Tale of the Straits • The Fram Strait—this is one of the main straits that directly affects the Arctic Sea Ice. • Barents Sea Opening—this is a large area that has a heat flow into the Arctic from water waters which also directly impacts the formation and melt of Arctic Sea Ice annually.
This chart below shows the in, out, and net flows of volume and heat from the CCSM and the NAME models through the Fram Strait, Barents Sea Opening and the area between Franz Josef Land and Novaya Zemly to capture the outflow of Atlantic Water into the Arctic Ocean
Transition from Global Climate to Hierarchical System Modeling • Currently the use of GCM’s involves limited skill in the modeling of the far northern parts of the Earth. • The targets of newer models is centered on the biogeochemical and physical processes that are expected to have a major influence with the surface of Arctic Ocean energy and mass budgets. • These newer models will take the output of those major influences and use that to try to paint a better picture of what might happen in the future of the Arctic Sea Ice.
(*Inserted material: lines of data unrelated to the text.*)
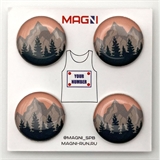 Magni ГОРЫ ПЕРСИК Магнитные держатели спортивных номеров - фото 308885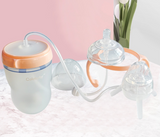 250ml Baby Bottle Kids Cup Silicone Sippy Children Training Cute Baby Drinking Water Straw Feeding Bottle Hands-free Bottle - V.I.P Digital Presence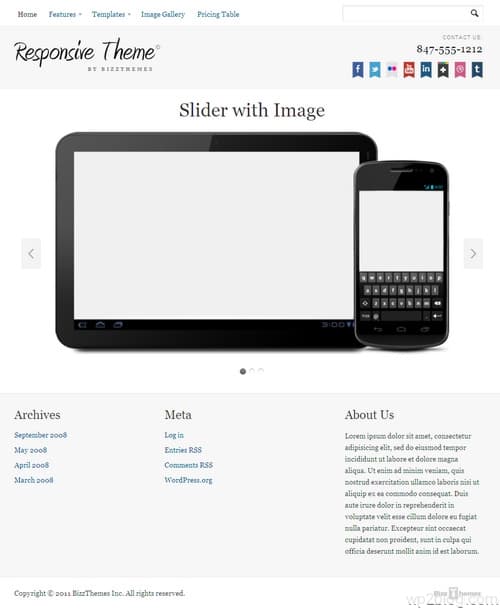 Responsive WordPress Theme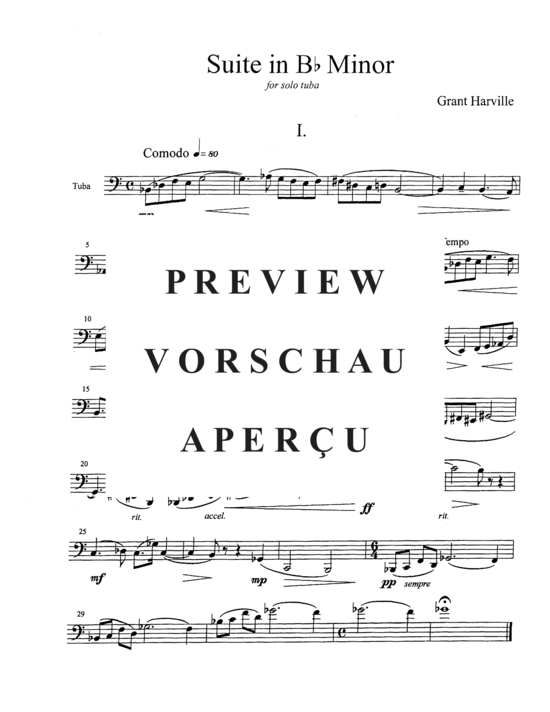 Product gallery: Page 3 of 14 Suite in Bb minor , , (Tuba Solo)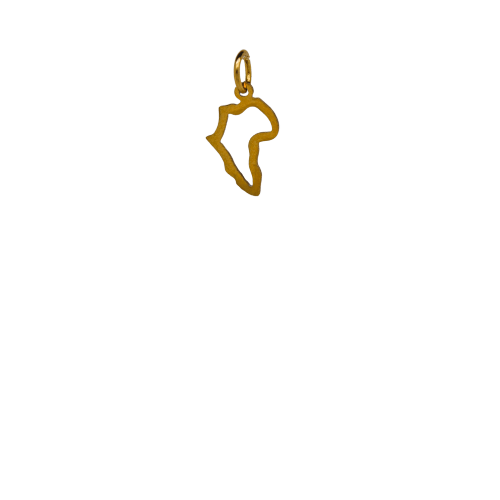 Gold Africa Charm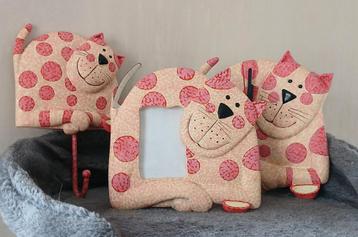 Kattenkoppie kinderkamer setje Nieuw  beschikbaar voor biedingen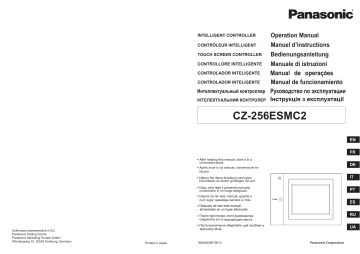Mode d'emploi | Panasonic CZ256ESMC2 Operating instrustions | Fixfr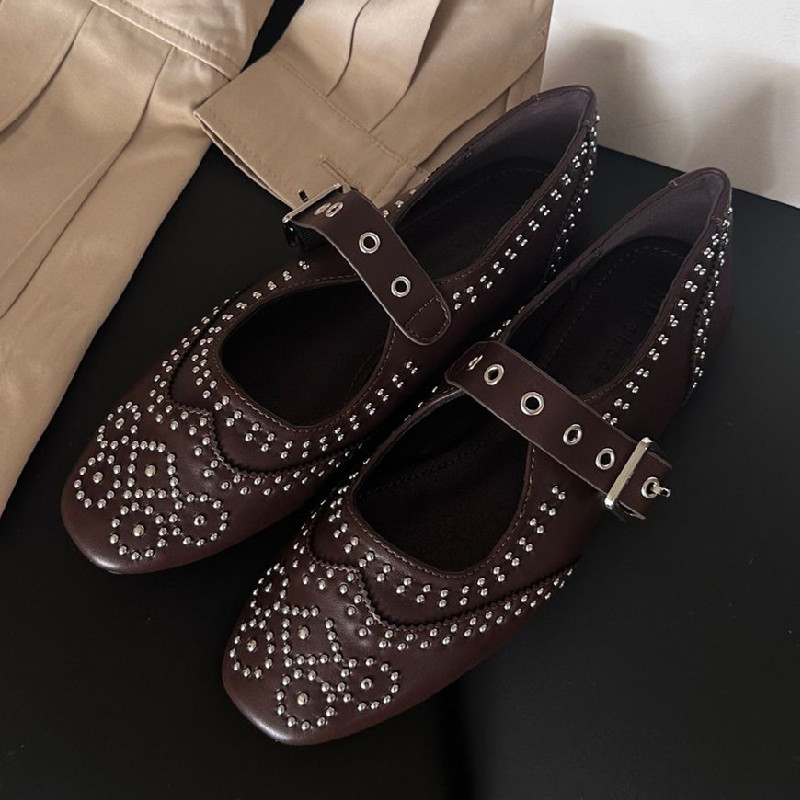 Damskie baleriny Mary Jane z o – Women'S Fashion Brand Shoes recenzja i cena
Future Advancements for Improved Arctic Sea Ice Prediction • There has been more fine-resolution global climate configurations that have been developed and tested. • These models through the testing have proven the higher resolution enhances the outlook better than before • Downside—the cost to use these models will highly restrict there use • The other solution is under way with the development of a variable resolution or a unrestricted grid approach.